4- Pour certaines cours d’appel, la ratio legis du texte visait à assurer la présence des deux parties lors de l’établissement de l’état des lieux. Ainsi, les frais relatifs au constat du commissaire de justice pouvaient être, pour moitié, mis à la charge du locataire, dès lors que celui-ci avait été présent y compris si le formalisme légal n’avait pas été respecté[10]. A l’inverse, pour un locataire non averti de la date de l’état des lieux et qui n’a pu s’y rendre, le partage des frais est rejeté[11]. La troisième chambre civile retient, toutefois, une lecture plus littérale de la lettre de l’article 3-2 de la loi du 6 juillet 1989 et juge que le seul manquement aux règles de forme relatif à l’établissement de l’état des lieux empêche le partage des frais d’huissier entre les parties[12]. C’est cette lecture littérale que retient la cour d’appel d’Aix-en-Provence le 16 juin 2022 : « bien que [le locataire] ait été présent au constat d’état des lieux, il n’en demeure pas moins que les délais légaux de convocation n’ont pas été respectés. Il convient donc de rejeter la demande de remboursement de la moitié des frais du constat d’huissier formée par [le bailleur] ». Cohérente, la troisième chambre civile confirme la solution dans l’arrêt commenté du 26 octobre 2023
5- Ensuite, en ce qui concerne le dépôt de garantie. Le dépôt de garantie est destiné à garantir l’exécution de ses obligations locatives par le locataire. Il sert à garantir non seulement le paiement du loyer mais encore les dettes dont le locataire peut être débiteur à l’occasion de l’exécution du contrat comme les frais de dégradations locatives. La « vie » du dépôt de garantie est précisément encadrée par la loi du 6 juillet 1989 tant au moment de sa constitution que de sa restitution. En son article 22, elle dispose que « le dépôt de garantie est restitué dans un délai maximal d’un mois à compter de la remise des clés par le locataire lorsque l’état des lieux de sortie est conforme à l’état des lieux d’entrée, déduction faite, le cas échéant, des sommes restant dues au bailleur et des sommes dont celui-ci pourrait être tenu ». Alors que la cour d’appel avait condamné la bailleresse à restituer aux locataires le montant du dépôt de garantie et à leur verser une majoration de retard de 10 %, la troisième chambre civile, statuant au fond, rejette, par une stricte application du texte, la demande en restitution du dépôt de garantie et en condamnation de la bailleresse au paiement de la majoration de retard, le montant du dépôt de garantie devant s’imputer sur les condamnations prononcées à l’encontre des locataires (arriéré de loyer et dégradations locatives). Sur le fond, on retiendra la nécessité d’accomplir une convocation du locataire en bonne et due forme avant toute réalisation, par voie d’huissier, des états des lieux d’entrée et de sortie. Cet arrêt rappelle également aux propriétaires immobiliers et aux gestionnaires locatifs que les subtilités de la loi de 1989, qui exigent de leur part la plus grande prudence, peuvent constituer des chausse-trappes dans leur relation avec le locataire qu’un conseil juridique avisé permet souvent d’éviter.
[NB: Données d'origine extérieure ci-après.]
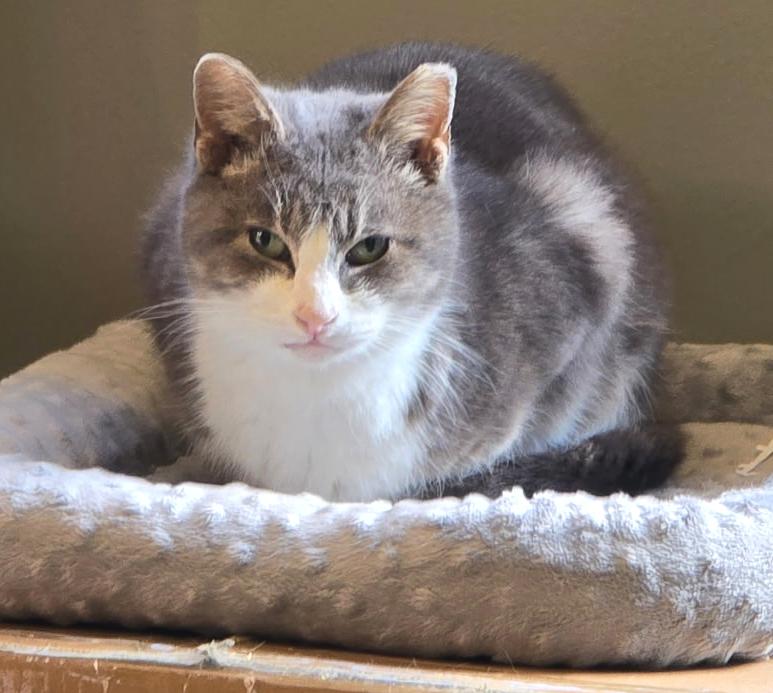 Enlarge Gabby , a Adoptable mixed breed in Hilton Head Island, SC image 2/4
[1] Depuis, notamment, l’entrée en vigueur de la loi n° 2023-668 du 27 juillet 2023 visant à protéger les logements contre l’occupation illicite sanctionne les squatteurs et facilite les expulsions, JORF n° 0173 du 28 juillet 2023.
[2] Loi n° 2014-366 du 24 mars 2014 pour l’accès au logement et un urbanisme rénové, JORF n° 0072 du 26 mars 2014.
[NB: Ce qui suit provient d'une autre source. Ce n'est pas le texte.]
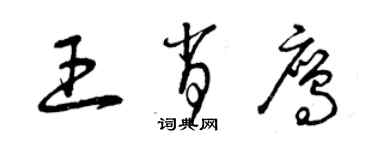 曾慶福王肖鷹草書個性簽名怎么寫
[3] Loi n° 89-462 du 6 juillet 1989 tendant à améliorer les rapports locatifs et portant modification de la loi n° 86-1290 du 23 décembre 1986, JORF du 8 juillet 1989.
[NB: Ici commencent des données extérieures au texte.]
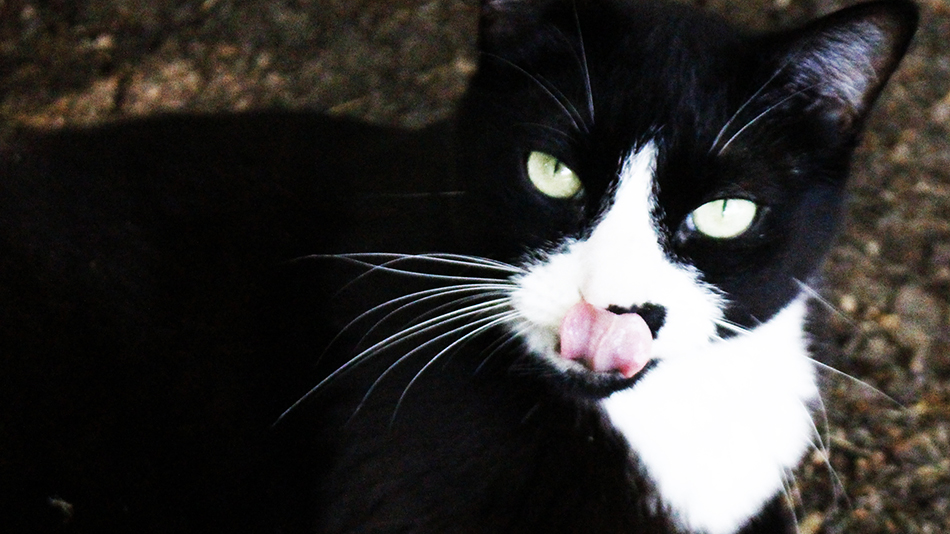 My tuxedo cat, Christmas, looking like she needs a fresh finch for lunch.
[4] B. Derrar, Les protections du consommateur immobilier, Thèse, coll. Centre Pierre Kayser, PUAM, 2022.
[5] Loi ALUR du 24 mars 2014, préc., art. 3-2.
[6] Décret n° 2016-382 du 30 mars 2016.
[7] L’ensemble des articles du Titre I de la loi du 6 juillet 1989 sont d’ordre public (Loi du 6 juillet 1989, préc., art. 2).
[8]F. Niboyet, « La décence, ordre public du bail d’habitation », D. 2010. 1192.
[9] G. Couturier, « L’ordre public de protection, Heurs et malheurs d’une vieille notion neuve », in Mél. Flour, Defrénois, 1979, p. 95.
[10] CA Montpellier, ch. 01 C, 11 octobre 2016, n° 14/06200, Juris-data n° 2016-028059.
[11] CA Chambéry, ch. 02, 31 janvier 2013, n° 10/02320 Juris-data n° 2013-002288.
[12] Cass. 3e civ, 27 mai 2003, n° 02-12.253 P, AJDI 2003. 589, note Y. Rouquet.